For the full qualification, each of the four skills (listening, speaking, reading and writing) has equal weighting in the FCSE. Students should therefore gain a similar amount of practice in each of the skills. Well planned FCSE lessons should include three or four of the skill areas and a balance of teacher input and independent, pair and group work.
The possibility of assessing individual skills separately
The Unit Award Scheme allows the students to achieve in small steps, in the skills they are best in. This means that although all four skills may be taught, not all students may undertake assessments in all skills. It is also possible to base a course of study on less skills than would traditionally be the case. For example, a scheme of work could be planned for just listening and speaking.
Familiarity with the types of assessment
When planning a scheme of work, it is important that teachers fully read the relevant parts of the specification and consult specimen materials. For listening, students will need practice with a range of listening tasks including monologues, instructions, announcements, news items, telephone messages and conversations all pitched at National Curriculum levels 4-6. For reading, students should have access to a range of different stimulus material including notices, advertisements, extracts from letters and magazine articles and emails. Existing materials used in KS3 and in KS4 should provide plenty of practice with the types of tasks which will feature in the external assessments.
For speaking and writing assignments, teachers may use materials provided by AQA or devise their own resources specific to the interests of their students. It should be possible to use end of Key Stage writing assessment tasks used for Y9 students as well as existing simple GCSE written coursework tasks. This will dispense with the need to design completely new tasks.
For speaking, the candidates are required to produce three teacher-controlled assignments, one of which needs to be recorded. It is important to read the specification carefully to ensure that the support requirements are understood and adhered to in the assessment. The students need practice in preparing and using appropriate support materials. Teaching time should be devoted to this and practice should be given to ensure that students can perform to the best of their ability.
Differentiation
An FCSE language group may contain students with National Curriculum levels from 4-6. If the whole group is working towards the same qualification, differentiation should be reasonably simple as reading and listening tasks are provided at different levels. It will also be possible to differentiate speaking and writing tasks to cover the range of ability.
However, teachers may be required to deliver FCSE to a small number of students within a bigger class in which the majority of students are aiming for a GCSE. This is a difficult situation to manage as it will be challenging to stretch the most able whilst at the same time making the work accessible to the less able linguists. Teachers faced with this issue may wish to consider the following strategies to address it.
- Engage in-class support from a learning support assistant (hopefully one who has at least some knowledge of the language being taught). This person could work with those FCSE students using differentiated materials provided by the teacher to help them access what is being delivered. This will need careful planning and the teacher may wish to plan with the learning support assistant.
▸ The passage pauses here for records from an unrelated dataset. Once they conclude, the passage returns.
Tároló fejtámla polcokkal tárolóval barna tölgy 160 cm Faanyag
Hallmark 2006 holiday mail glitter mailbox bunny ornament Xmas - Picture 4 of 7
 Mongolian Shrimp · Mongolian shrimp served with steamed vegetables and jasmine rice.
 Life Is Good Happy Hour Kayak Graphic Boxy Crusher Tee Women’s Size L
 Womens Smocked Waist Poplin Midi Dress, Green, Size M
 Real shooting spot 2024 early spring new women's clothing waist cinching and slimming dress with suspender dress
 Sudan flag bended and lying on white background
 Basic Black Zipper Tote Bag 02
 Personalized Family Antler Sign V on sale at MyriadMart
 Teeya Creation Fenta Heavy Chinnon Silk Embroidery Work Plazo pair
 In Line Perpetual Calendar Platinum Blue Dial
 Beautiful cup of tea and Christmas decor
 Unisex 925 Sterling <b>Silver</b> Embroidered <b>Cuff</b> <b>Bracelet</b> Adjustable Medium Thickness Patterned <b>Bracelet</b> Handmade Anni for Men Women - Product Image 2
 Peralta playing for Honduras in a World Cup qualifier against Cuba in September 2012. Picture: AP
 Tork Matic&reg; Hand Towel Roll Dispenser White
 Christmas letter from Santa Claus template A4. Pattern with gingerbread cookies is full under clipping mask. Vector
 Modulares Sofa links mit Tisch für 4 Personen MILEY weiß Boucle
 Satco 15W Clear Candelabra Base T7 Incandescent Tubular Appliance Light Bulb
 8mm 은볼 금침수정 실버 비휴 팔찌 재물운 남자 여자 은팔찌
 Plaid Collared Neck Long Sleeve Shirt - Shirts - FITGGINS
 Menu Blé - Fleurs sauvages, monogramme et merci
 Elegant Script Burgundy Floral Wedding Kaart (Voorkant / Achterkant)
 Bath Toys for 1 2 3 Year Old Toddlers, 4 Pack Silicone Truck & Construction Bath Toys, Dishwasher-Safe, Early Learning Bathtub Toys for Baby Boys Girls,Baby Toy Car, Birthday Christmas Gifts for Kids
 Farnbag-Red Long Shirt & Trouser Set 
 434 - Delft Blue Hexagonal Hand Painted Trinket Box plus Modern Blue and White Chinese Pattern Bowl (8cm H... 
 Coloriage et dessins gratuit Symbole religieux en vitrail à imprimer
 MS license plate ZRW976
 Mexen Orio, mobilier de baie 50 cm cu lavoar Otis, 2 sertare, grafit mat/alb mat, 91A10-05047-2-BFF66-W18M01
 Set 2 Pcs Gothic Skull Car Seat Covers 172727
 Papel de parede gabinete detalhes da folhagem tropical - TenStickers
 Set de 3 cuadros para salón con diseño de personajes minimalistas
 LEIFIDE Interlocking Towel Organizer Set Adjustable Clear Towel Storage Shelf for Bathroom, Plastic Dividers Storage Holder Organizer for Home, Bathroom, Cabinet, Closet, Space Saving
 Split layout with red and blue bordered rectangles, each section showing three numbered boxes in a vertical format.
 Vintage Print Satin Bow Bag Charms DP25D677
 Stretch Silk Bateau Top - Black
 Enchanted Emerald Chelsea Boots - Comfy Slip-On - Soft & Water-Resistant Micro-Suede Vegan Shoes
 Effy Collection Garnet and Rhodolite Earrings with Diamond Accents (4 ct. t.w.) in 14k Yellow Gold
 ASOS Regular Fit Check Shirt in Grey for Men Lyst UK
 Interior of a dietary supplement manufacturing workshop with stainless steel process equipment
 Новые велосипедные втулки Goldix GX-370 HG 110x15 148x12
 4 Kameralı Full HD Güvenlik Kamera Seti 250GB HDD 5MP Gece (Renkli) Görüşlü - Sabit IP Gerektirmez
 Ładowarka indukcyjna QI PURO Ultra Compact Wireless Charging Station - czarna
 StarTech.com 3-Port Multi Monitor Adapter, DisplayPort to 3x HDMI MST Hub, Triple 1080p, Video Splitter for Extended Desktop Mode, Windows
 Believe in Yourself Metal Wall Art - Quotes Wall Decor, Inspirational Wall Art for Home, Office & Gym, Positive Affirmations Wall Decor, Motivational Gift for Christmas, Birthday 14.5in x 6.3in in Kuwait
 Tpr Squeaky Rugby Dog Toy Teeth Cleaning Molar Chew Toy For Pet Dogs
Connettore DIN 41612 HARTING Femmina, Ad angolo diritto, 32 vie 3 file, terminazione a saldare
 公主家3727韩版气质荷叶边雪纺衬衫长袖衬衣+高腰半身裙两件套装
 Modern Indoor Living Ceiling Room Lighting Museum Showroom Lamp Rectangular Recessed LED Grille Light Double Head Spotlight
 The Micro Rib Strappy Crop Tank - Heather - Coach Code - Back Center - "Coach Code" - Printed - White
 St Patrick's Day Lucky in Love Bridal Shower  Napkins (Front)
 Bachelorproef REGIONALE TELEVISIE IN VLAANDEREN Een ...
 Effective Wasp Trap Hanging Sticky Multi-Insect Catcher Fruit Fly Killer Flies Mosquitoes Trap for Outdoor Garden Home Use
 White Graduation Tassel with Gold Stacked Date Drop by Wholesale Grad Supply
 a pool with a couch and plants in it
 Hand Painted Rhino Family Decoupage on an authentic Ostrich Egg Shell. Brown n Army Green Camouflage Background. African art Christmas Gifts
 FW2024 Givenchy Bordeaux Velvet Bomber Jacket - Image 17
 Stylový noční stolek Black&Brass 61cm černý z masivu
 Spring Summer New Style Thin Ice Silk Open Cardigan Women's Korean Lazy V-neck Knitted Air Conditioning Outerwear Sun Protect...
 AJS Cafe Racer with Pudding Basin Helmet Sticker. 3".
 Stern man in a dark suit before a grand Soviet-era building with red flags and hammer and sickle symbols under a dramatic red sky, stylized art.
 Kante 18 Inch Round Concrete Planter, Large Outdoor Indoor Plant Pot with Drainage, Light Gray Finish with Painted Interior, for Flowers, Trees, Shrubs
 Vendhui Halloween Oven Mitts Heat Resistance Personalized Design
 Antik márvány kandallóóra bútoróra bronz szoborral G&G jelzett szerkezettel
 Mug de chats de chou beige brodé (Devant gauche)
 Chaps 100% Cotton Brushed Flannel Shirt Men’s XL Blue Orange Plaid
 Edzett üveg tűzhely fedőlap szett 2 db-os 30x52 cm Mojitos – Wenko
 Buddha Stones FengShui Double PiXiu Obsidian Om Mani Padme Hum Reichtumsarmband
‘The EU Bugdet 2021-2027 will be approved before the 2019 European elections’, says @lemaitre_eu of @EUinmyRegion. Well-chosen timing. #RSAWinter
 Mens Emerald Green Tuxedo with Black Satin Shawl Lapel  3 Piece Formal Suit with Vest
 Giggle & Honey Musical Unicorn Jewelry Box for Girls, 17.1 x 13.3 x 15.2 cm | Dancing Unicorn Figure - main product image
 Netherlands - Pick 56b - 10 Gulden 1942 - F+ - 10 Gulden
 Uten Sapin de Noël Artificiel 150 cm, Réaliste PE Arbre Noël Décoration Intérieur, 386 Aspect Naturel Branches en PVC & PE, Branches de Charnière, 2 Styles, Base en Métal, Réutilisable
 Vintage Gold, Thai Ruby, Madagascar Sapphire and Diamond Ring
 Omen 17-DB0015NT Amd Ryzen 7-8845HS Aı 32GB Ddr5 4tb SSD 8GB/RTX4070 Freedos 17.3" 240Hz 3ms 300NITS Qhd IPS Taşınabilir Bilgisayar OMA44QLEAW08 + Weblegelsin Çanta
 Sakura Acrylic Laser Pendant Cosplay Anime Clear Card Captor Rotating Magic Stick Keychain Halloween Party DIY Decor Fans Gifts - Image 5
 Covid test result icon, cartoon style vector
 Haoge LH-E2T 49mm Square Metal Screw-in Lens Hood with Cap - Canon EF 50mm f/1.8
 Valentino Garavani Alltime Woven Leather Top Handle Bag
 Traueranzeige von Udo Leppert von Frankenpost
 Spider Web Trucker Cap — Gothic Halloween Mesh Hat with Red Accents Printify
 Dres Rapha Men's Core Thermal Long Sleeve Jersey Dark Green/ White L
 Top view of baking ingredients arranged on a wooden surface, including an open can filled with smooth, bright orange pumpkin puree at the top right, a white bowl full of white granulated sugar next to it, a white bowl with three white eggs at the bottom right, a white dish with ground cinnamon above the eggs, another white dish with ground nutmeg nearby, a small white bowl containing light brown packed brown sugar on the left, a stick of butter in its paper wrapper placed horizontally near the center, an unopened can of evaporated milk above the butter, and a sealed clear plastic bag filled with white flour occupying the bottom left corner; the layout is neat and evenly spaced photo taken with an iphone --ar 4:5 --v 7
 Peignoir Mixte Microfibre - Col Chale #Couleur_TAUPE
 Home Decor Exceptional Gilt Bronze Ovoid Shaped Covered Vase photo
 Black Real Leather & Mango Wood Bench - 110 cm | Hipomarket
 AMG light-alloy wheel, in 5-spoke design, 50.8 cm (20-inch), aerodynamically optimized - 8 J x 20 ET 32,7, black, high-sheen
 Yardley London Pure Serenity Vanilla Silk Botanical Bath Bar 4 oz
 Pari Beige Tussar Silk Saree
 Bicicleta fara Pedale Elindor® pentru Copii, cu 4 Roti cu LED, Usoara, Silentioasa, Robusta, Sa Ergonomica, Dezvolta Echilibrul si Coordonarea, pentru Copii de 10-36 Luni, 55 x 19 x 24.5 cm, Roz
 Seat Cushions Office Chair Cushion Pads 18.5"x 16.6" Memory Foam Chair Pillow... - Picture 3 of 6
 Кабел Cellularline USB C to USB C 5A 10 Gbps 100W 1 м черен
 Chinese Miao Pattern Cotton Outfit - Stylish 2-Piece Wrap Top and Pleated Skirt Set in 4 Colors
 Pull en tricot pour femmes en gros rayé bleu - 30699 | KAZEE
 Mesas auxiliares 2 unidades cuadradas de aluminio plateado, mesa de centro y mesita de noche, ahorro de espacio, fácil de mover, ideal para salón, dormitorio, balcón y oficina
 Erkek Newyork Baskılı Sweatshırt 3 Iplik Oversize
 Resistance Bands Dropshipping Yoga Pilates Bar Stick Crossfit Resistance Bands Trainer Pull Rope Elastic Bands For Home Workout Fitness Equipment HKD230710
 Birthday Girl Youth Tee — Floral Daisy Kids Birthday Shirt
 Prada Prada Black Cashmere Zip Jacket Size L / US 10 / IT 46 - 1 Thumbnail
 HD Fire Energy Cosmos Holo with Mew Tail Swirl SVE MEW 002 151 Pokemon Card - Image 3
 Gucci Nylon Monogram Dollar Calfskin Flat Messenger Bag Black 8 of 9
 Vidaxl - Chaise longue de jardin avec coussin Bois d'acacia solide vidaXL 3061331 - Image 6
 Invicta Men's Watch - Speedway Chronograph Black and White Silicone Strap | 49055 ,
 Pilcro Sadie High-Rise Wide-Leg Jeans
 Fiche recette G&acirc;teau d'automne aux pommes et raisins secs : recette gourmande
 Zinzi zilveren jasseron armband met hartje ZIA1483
- Engage support from a foreign language assistant. A foreign language assistant could offer in-class support as described above. However, he or she could also be used with small groups of students inside or outside the classroom working on oral tasks.
- Design a seating plan whereby weaker linguists are seated with more able students so that the more able can offer support to their peers.
Use of existing materials
As the AQA FCSE is content-free and is based on twelve units of work organised into different themes, it fits well into existing schemes of work, coursebooks, electronic packages for interactive whiteboard use and other resources used in schools. Nelson Thornes will be producing teaching and assessment materials designed specifically for FCSE.